FDA Panel Nixes Humira for Spinal Arthritis

MedicalToday

SILVER SPRING, Md. -- An independent panel of FDA advisers overwhelmingly rejected AbbVie's bid to gain approval of Humira (adalimumab) for treatment of active nonradiographic axial spondyloarthritis in adults with signs of inflammation by elevated CRP or MRI.

After rejecting adalimumab by a 12-1 vote with one abstention, the Arthritis Advisory Committee split 7-6 with one abstention when polled about recommending approval of UCB's Cimzia (certolizumab) for treatment of active axial spondyloarthritis, including ankylosing spondylitis (AS).

Adalimumab is already approved for treatment of rheumatoid arthritis, plaque psoriasis, ulcerative colitis, ankylosing spondylitis and psoriatic arthritis, and certolizumab is indicated for Crohn's and rheumatoid arthritis.

Members of the advisory committee sided with an FDA review that found the single trial supporting approval enrolled a high proportion of patients with ankylosing spondylitis skewing results. Those AS patients performed better than patients with radiographic evidence of spondyloarthritis.

"This is a trial about subpopulations, so without a clear definition, it's very difficult to judge the current data," Daniel Solomon, MD, MPH, a rheumatologist at Harvard Medical School in Boston, said.
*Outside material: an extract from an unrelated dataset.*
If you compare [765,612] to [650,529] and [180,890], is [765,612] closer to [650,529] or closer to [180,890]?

Solomon said he would like an additional clinical trial that clearly defined the subpopulation.

In the study, 192 patients were given either adalimumab or placebo, and after 12 weeks, patients taking adalimumab showed significant improvement over placebo, 36% versus 15% (P<0.001).

In a post-hoc breakdown of patients, combining confirmed and nonconfirmed nonradiographic axial spondyloarthritis would increase the treatment difference to 15%.

"I think the criteria were too loose to define a population that will likely benefit," Donald Miller, PharmD, chair of pharmacy practice department at North Dakota State University in Fargo, said.

Nancy Lane, MD, director of the Center for Musculoskeletal Health at the University of California at Davis School of Medicine, noted there was an improvement in symptoms from a certain population group even if it were defined ad hoc.

Patient representative Michael Tracy Smith of New York City was the only panelist who voted for approval.

Committee members voted 10-4 in favor of the safety. The FDA noted the safety profile resembled that of the known profile of the drug approved more than a decade ago.

Members that voted No said it was because the drug -- which carries a boxed warning for certain malignancies and infections -- would be unsafe in a population where it's not effective.

But the panel members said the case was not as clear cut when it considered the certolizumab application.

"I think overall, we agree there is definitely an efficacy signal here, and the question is more about limitation in the real world," committee chair Tuhina Neogi, MD, PhD, professor of epidemiology at Boston University Schools of Medicine and Public Health, said.

As with adalimumab, the panel said different subgroups of patients responded differently to the drug.

In a randomized, controlled trial of more than 300 patients, 58% of patients taking 200 mg of certolizumab showed improvement, compared with 38% of those taking placebo (P=0.004), . For those taking 400 mg of certolizumab, 64% showed improvement (P<0.001).

Several committee members said the FDA could work with the manufacturer, Belgium drugmaker UCB, to create a better definition and label so providers know who is best to receive the drug.

No drug is indicated to treat nonradiographic axial spondyloarthritis. An exact deadline for an FDA decision on either drug isn't known.

The FDA isn't obligated to rely on the opinions of its advisory committees but usually does.